VAUGHN WHITNEY GARLAND

EMORY, VIRGINIA & VIRGINIA COMMONWEALTH UNIVERSITY / RICHMOND, VIRGINIA

Artist's Statement

I am a multi-media artist/teacher working with digital media, computer code, online participatory culture, video installation, sound art, painting, and drawing. 

Using found material from the Internet and mass media, as well as audio and video recorded in the field, I create multi-media and digital installation projects that explore notions of public and private space. In addition, my work seeks to encourage new modes of online participation through community collaboration and practice.

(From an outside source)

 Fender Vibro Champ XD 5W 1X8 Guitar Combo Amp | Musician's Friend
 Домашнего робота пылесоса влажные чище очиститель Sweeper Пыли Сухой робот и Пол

Collecting and uncovering fragmented and hidden information is essential to all my work.  Through the physical act of taking apart and putting back together, I rearrange visual, audio, digital and conceptual information in order to comprehend it in a more real way.  Working in ways that focus on discrete pieces of data—which I refer to as episodes in my paintings and drawings—allows me to piece things together to uncover and illuminate new meanings. My efforts serve to isolate individual episodes, create new relationship between these individuals, and ultimately show the beauty that exists within diverse, shared communities.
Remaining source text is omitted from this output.